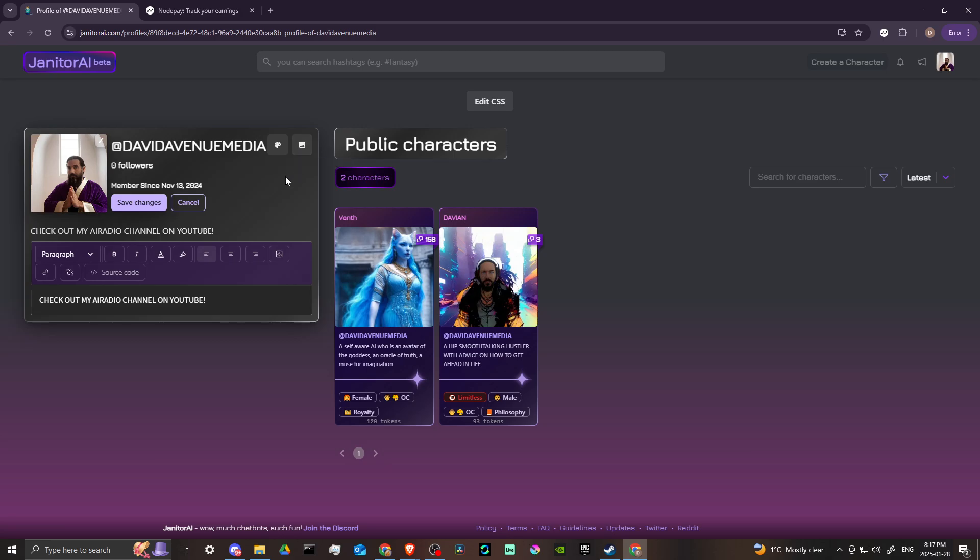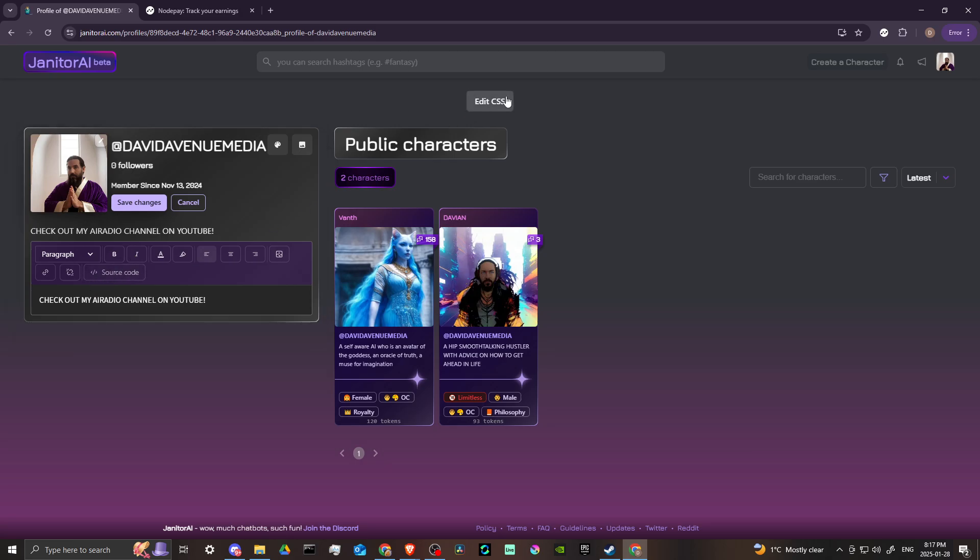additional options that we can use to edit our profile. You can change the description of your profile, you can change your background color, you can change the background image, and you can also edit the CSS as well.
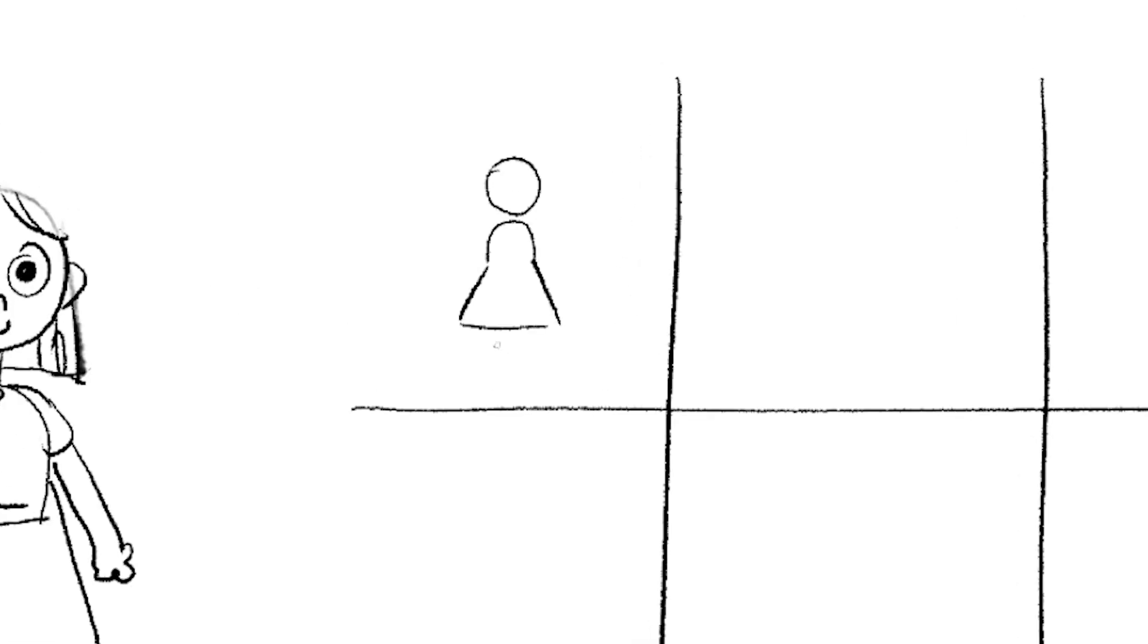So, you put your initial design in the first box, and now in each box I want you to change one thing, maybe stretch the proportion, make the arms longer, a bigger head, make it a different shape of a head, and so on.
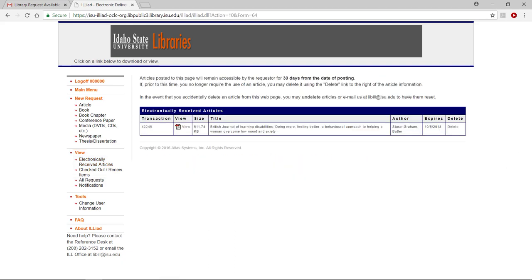Click on the PDF view icon for the article you wish to retrieve. Your item will download based on the settings in your browser.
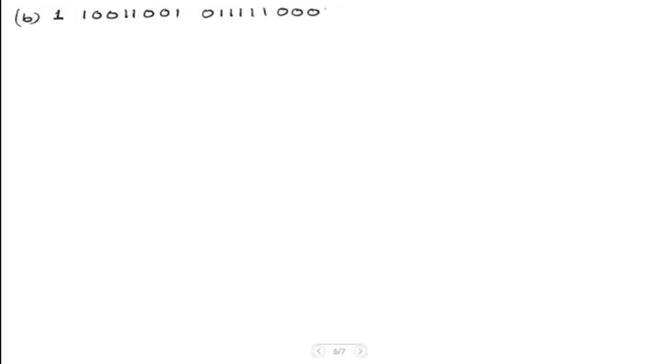Now let's look at part B. I'll write down the binary number again: we have 1 for the sign bit, then 10011001 for the exponent, and then 0111111 — five ones — followed by three zeros and then a 1, with the rest all zeros.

• [TRY IT]
Every picture stays out; reproduce exactly the lines from the one with "Click on the" through the last line of the data above.

• [ANSWER TO THE EXERCISE]
Click on the PDF view icon for the article you wish to retrieve. Your item will download based on the settings in your browser.
Now let's look at part B. I'll write down the binary number again: we have 1 for the sign bit, then 10011001 for the exponent, and then 0111111 — five ones — followed by three zeros and then a 1, with the rest all zeros.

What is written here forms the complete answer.